RBIs steep rate cut How it affects you

No doubt about it, home loan borrowers have good reason to celebrate. Reuters

In addition, the RBI also ordered banks to ensure that they offer more home loans with fixed rates. Currently, most home loans are given to borrowers on a floating-rate basis, which leaves borrowers uncertain of how much they have to pay in future because floating rates are aligned with changing market rates. The RBI wants to reduce that uncertainty for borrowers -- and for banks to assume that risk.

Both measures should boost home sales, which have been sluggish for most of 2011-2012 because of soaring borrowing costs and high property prices. However, don't expect real estate developers to lower house prices. According to a Business Standard report, the repo rate cut offers too few savings to contemplate slashing prices. Typical.
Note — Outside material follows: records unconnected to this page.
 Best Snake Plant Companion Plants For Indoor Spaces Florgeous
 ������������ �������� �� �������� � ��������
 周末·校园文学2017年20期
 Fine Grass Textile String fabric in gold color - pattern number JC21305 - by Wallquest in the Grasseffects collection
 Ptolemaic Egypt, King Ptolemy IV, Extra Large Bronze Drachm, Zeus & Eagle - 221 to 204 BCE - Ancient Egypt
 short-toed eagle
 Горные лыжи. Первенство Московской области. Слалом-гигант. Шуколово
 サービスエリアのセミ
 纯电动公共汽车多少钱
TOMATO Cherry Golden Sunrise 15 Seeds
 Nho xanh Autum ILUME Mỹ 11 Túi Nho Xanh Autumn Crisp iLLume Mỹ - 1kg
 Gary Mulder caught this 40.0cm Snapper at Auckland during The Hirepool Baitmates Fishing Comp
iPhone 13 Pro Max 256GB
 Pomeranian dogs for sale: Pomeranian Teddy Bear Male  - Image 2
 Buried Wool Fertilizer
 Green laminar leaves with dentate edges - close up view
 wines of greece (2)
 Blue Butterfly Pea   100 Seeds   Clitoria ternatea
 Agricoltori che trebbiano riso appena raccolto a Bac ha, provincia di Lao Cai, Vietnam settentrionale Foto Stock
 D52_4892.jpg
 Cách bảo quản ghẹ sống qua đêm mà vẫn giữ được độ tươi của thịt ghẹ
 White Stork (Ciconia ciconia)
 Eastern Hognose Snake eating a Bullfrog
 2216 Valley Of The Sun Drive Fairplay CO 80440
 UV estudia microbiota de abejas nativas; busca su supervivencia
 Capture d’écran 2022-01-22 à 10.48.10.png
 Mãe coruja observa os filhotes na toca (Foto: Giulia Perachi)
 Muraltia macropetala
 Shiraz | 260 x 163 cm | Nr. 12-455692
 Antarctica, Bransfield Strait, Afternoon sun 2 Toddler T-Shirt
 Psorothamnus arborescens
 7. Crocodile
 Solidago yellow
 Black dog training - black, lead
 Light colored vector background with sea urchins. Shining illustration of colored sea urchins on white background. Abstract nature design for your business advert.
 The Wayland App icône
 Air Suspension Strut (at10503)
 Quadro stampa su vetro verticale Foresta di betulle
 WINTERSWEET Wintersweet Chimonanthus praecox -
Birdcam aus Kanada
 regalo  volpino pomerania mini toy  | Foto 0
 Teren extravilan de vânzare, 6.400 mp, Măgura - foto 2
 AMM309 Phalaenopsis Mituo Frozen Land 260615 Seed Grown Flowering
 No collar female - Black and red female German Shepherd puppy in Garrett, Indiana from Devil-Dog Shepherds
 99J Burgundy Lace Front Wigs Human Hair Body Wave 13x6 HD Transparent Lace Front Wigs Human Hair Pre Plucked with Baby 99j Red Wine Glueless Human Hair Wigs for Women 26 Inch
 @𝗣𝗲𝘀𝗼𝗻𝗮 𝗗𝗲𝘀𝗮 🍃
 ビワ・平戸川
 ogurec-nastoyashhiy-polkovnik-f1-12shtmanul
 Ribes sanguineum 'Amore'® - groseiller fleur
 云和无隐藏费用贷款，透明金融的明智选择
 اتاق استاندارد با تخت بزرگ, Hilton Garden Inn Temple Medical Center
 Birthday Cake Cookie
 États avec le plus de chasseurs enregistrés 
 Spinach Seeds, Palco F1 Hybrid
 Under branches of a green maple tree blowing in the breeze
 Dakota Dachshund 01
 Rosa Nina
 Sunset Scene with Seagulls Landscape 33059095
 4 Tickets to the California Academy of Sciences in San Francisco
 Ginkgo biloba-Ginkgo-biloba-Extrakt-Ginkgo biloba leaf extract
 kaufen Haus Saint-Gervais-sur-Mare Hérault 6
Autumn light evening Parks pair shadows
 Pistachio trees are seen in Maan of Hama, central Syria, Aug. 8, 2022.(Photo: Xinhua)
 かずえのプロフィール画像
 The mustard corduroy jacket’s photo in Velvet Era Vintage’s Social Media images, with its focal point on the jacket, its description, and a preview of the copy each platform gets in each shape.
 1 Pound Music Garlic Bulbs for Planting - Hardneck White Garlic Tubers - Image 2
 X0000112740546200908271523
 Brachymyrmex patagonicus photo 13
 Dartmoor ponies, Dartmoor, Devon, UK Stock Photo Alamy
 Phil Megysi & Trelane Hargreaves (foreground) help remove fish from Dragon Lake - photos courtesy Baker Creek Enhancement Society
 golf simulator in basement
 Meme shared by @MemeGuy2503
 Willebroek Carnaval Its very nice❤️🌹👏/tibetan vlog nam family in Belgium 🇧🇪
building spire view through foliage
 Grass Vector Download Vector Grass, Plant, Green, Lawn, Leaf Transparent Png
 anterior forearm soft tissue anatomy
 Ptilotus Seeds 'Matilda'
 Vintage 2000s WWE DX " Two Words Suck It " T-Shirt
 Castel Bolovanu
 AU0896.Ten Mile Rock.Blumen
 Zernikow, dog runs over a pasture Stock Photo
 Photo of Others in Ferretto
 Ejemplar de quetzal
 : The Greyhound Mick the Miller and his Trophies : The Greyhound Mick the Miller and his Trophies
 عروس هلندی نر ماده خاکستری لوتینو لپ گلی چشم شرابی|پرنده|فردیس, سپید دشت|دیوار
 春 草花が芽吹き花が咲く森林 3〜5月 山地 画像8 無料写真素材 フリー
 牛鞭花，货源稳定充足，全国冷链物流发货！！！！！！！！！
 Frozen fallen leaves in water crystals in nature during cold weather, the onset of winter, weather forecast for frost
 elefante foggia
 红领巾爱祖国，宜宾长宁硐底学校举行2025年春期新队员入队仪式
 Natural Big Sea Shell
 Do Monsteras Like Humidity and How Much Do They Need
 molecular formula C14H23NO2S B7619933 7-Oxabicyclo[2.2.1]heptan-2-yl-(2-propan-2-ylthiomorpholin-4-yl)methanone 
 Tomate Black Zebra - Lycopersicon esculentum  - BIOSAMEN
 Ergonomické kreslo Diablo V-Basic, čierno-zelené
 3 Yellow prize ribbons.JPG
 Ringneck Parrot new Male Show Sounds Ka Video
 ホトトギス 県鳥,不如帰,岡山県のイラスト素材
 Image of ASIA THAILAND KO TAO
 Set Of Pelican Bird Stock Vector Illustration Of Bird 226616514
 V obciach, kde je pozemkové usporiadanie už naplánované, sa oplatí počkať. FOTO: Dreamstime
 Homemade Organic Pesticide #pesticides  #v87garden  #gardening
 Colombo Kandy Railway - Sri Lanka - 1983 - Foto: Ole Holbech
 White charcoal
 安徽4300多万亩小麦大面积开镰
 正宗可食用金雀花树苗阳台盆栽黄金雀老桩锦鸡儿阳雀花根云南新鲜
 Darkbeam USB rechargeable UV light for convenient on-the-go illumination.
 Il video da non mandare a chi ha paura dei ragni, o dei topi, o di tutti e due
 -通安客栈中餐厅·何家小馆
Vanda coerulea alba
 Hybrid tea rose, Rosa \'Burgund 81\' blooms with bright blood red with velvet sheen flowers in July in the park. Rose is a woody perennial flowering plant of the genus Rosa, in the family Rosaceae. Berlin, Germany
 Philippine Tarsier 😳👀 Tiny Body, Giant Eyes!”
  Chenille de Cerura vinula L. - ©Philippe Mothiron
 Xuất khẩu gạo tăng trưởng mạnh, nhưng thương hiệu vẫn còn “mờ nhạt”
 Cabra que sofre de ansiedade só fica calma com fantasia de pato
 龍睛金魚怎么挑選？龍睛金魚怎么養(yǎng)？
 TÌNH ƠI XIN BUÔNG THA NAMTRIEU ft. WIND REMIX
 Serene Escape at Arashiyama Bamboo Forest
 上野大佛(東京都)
As a car loan borrower: Potential car buyers can also heave a sigh of relief. Lower interest rates will slightly lower equated monthly installments (EMIs) of borrowers. About 70 percent of all retail car sales take place with the help of bank loans.

Car sales are estimated to have expanded by a meagre 2 percent in 2011-2012.on the back of high interest costs and soaring petrol costs. For now, at least one factor seems to have eased.

Most media reports suggest that car companies are very hopeful that the rate cut will translate into higher sales.

As a consumer: The situation for consumers is a bit tricky. While loan costs might come down, the deep rate of 50 basis points has the potential to increase demand for a host of commodities. If supply doesn't increase to match that demand, prices will rise.

In other words, higher demand could add to inflationary pressures in the economy, which is already struggling to contain prices at manageable levels. If indeed inflation rises to dangerous levels, the RBI will be forced to go into rate-hiking mode, a possibility that has not been ruled out.So, a rate cut is not so great news for consumers.

As a bank deposit holder: A cut in the repo rate will not automatically lead to a cut in the bank deposit rate, most banks have said citing a host of constraints. The RBI has also ordered banks to reduce the interest rate gap between retail and bulk deposits. It's possible banks might end up lowering rates on bulk deposits to align them with those on retail deposits, although detailed guidelines by the RBI on the matter will only be issued later.

In addition, the RBI announced that every bank customer will be entitled to one savings deposit account without the requirement to maintain a minimum balance. The idea is to include more people under banking services, the central bank said.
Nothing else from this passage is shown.